Please make sure you have a representative data sample and also that the data has been desensitised, remember this site is open to anyone with internet access to see - so any sensitive / personal data should be removed


----------



## jwoww (Dec 17, 2022)

I've uploaded a copy of the actual spreadsheet i will be using (Sheet 1 will be repeated for each of the days throughout the year). The uploaded version just shows random options but column H shows what would be expected to be shown in column d based on what is written in the row above each "timeframe"

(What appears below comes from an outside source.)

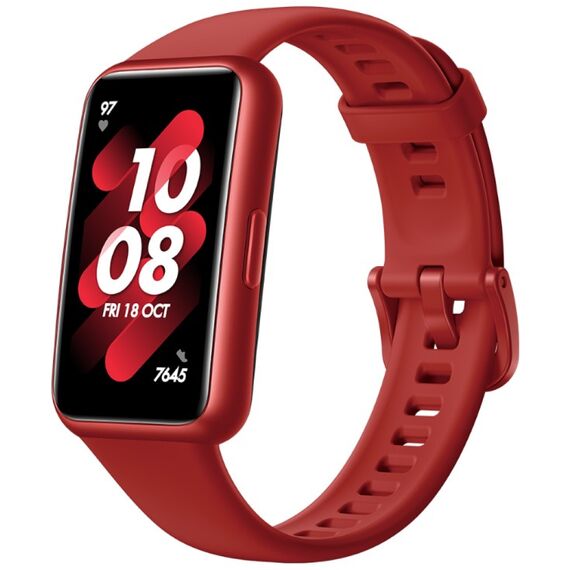 Фитнес-браслет HUAWEI Band 7 Fiery red, Размер корпуса : 37,4 мм, Цвет: Fiery red, изображение 4 Фитнес-браслет HUAWEI Band 7 Fiery red, Размер корпуса : 37,4 мм, Цвет: Fiery red, изображение 4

The formula box has a couple of option specific formulas based on the response required for that option (ie adding multiple cell words to various positions in a sentence)

Daily Schedule 2023 v4.xlsx


----------



## etaf (Dec 18, 2022)

in column C on sheet 2 - you have the cell you need to reference 
C1 and B1 seems to be the only entries

if i then look at sheet1
C1
B1
you have a merged cell from A1 to F1 
so nothing in C1 or B1 

so i'm not sure what you are trying to do - in the this latest sheet ????


----------



## jwoww (Dec 19, 2022)

etaf said:


> in column C on sheet 2 - you have the cell you need to reference
> C1 and B1 seems to be the only entries
> 
> if i then look at sheet1
> ...


this sheet is the actual version of what i will be using.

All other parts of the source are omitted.